This Article is From May 17, 2018

Defection Law Won't Apply Before Oath: Centre's Justification In Supreme Court

The BJP has 105 lawmakers, including an Independent, in the 222-seat assembly and is seven short of majority.

Defection Law Won't Apply Before Oath: Centre's Justification In Supreme Court

The statement was made in the Supreme Court at a rare hearing that started well past midnight.

New Delhi: The anti-defection law that bans legislators from jumping parties does not apply to Karnataka's newly-elected legislators if they switch parties before are administered oath, KK Venugopal the centre's top law officer told three judges of the Supreme Court at a rare hearing that started well past midnight and continued till dawn.

The trigger for the unusual hearing was a Congress petitioned filed late on Wednesday night asking the court to stop BJP's BS Yeddyurappa from being sworn-in as Chief Minister because the BJP did not the majority. The BJP has 105 lawmakers, including an Independent, in the 222-seat assembly and is seven short of majority.

Abhishek Singhvi, who had filed the petition for the Congress-JDS alliance, argued that the BJP could not claim to get a majority unless it claims it will encourage lawmakers to defect. To this, the Supreme Court bench said this would be covered by anti-defection law.

Mr Venugopal later suggested that this may not be the case. "Defection is one member crosses to other party. Defection law won't apply before elected member is sworn-in as MLA," he said.

The Supreme Court did not eventually put Mr Yeddyurappa's swearing-in on hold, but wasn't entirely convinced by this argument. "You mean before swearing in MLAs can switch sides?" the bench asked, wondering how the BJP intended to cross the majority mark of 112 when the other side, the Congress-JDS combine, had a list of 116 lawmakers on its side.

The JDS and Congress outweigh the BJP. In a situation like this on what basis has Mr Yeddyurappa claimed that he has the support of more than half the lawmakers.

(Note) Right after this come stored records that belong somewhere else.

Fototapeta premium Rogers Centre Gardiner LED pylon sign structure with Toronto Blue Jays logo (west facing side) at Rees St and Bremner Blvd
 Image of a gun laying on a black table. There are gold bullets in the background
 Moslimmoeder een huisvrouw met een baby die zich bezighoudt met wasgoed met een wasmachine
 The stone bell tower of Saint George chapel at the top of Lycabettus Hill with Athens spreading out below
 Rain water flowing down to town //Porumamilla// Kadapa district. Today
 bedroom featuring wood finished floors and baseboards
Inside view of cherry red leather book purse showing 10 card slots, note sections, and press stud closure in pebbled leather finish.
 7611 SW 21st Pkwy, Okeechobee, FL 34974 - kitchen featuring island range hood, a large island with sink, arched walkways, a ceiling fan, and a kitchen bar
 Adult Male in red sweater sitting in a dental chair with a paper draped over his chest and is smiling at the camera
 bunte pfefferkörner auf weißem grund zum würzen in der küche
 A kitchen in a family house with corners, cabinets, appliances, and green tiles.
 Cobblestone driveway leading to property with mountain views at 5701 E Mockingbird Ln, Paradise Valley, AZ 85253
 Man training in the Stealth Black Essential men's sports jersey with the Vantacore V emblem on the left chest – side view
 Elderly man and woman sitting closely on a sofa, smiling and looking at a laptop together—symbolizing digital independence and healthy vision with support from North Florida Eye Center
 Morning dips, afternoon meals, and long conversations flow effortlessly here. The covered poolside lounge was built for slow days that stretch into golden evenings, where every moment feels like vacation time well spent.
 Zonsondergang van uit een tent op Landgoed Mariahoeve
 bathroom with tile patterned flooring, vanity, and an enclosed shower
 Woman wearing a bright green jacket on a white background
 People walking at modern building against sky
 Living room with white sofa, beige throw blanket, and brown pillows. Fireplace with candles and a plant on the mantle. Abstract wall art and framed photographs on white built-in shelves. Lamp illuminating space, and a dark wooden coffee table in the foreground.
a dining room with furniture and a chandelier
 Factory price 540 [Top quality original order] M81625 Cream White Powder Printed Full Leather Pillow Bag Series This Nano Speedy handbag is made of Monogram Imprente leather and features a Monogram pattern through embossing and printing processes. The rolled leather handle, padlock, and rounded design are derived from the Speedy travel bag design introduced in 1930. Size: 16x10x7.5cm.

The court said they hadn't seen his letter to the governor but "the arithmetic defies in what way he was invited".

Mr Venugopal and Mukul Rohatgi, the government's former top law officer who said he was representing two BJP legislators, had asked the Supreme Court to dismiss the Congress petition, insisting that the court could not stay the governor's decision.

"Heavens won't fall if someone is sworn in. Last time Supreme Court heard in night, the case related to hanging of Yakub Memon", Mukul Rohatgi argued, pointing that the Karnataka case was very different from the one in Goa. In the 2017 case that had also reached the Supreme Court, the senior lawyer said the governor Mridula Sinha had invited Manohar Parrikar because the Congress did not stake claim.

This is the second time that the Supreme Court is holding an overnight hearing. The first was in July 2015 when the top court held a 90-minute hearing in the middle of the night to hear a last-minute petition against the execution of Yakub Memon for his role in the 1993 Mumbai blasts case.

The top court's hearing in the Karnataka case continued for over three hours.

"The governor can't negate democracy... The other side has 104 members and this side, 116.... It is elementary common sense on numbers (which one is greater)," Abhishek Singhvi had countered before a bench comprising Justices AK Sikri, A Bobde and Ashok Bhushan.